On Mon, Oct 04, 1999 at 07:09:40PM -0600, Mark Collette wrote:

[I wrote this bit:]
> > Ugh. Assuming the last one maps to the machines real name, keep that and
> > ditch the rest. Then make {,ns,www,ftp}.h.a.c CNAMEs for othello in the fwd
> > zone file. I suspect a glance through the BIND documentation and the RFCs
> > might be instructive.

OK - time for me to grovel: I should have checked that the RFCs I was
thinking of said what I thought they said (they don't) _before_ I shot
my mouth off, rather than after (I've just done it). RFC 2181 (sec 10.2)
says:

  "Confusion about canonical names has lead to a belief that a PTR
record should have exactly one RR in its RRSet.  This is incorrect,
the relevant section of RFC1034 (section 3.6.2) indicates that the
value of a PTR record should be a canonical name.  That is, it should
not be an alias.  There is no implication in that section that only
one PTR record is permitted for a name.  No such restriction should
be inferred."

Having said that, I can't believe there are many situations where you would
need or want to do that. The only one I can think of is if you have, say

        asdf.com.       SOA     ..

                        IN      NS      blah
                        IN      A       1.2.3.4
        www             IN      CNAME   blah
        blah            IN      A       1.2.3.4

which you have to do if you want the domain name to also be a host - e.g.
for "Information Superhighway surfers" (pass the barf bucket) who can't cope
with actually typing in a domain name fully. Anyway, to be strictly accurate
you'd want the 4.3.2.1.in-addr.arpa PTR's to list blah.asdf.com. /and/
asdf.com. You might also need it if you use the schemes laid out in RFC1101
-- does anyone do this?

> I read the DNS Howto and DNS Docs that kernelnotes.org links to, and they
> said not to use CNAMEs, and alluded to some long running arguement. Before
> reading them I was using CNAMEs. Hmmm... your way does sound much simpler.

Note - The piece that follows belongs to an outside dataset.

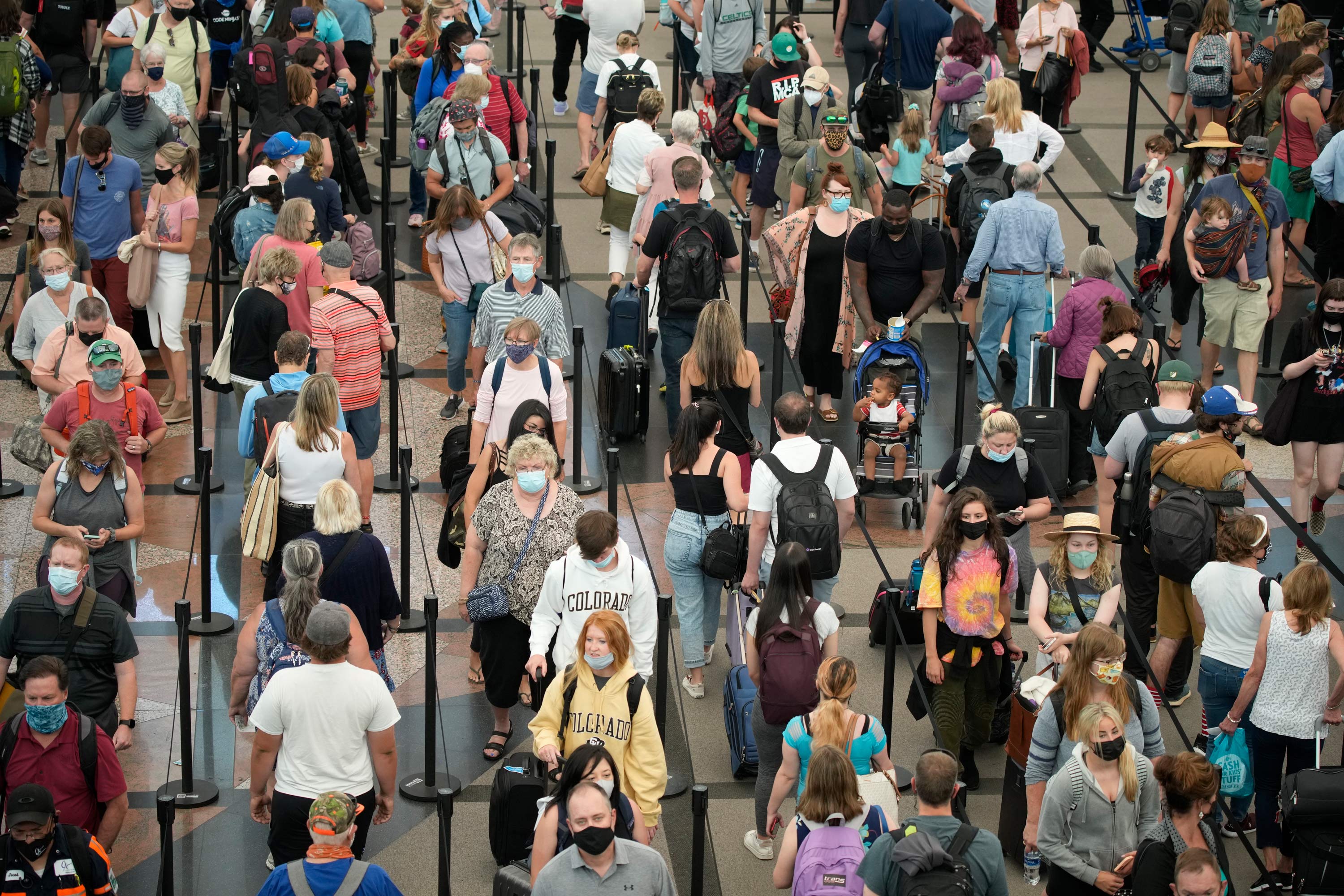 Travelers line up to pass through the south security checkpoint at Denver International Airport on June 16 in Denver.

It does, doesn't it? <g> And I can't imagine that there a significant no.
of resolvers out there that are still broken w.r.t. CNAME records. In fact I
hope and pray that there aren't, 'cos working CNAME following behaviour is
needed for sane management of CIDR subnet's *.in-addr.arpa. info, I believe[0].

RFC 2219 describes using CNAME records to alias well known service names to
machines; it does say (sec. 5)

 "It isn't a simple matter of recommending CNAMEs over A records. Each
site has it's own set of requirements that may make one approach
better than the other. RFC 1912 [RFC-1912]  discusses some of the
configuration issues involved in using CNAMEs."

So I'm going to go and re-read 1912 <g>

Once again, sorry for going off half-cocked first time.

[0] There's an RFC for this too, I believe. 2317?

-- 
Fortune: You will be attacked next Wednesday at 3:15 p.m. by six samuri
sword wielding purple fish glued to Harley-Davidson motorcycles.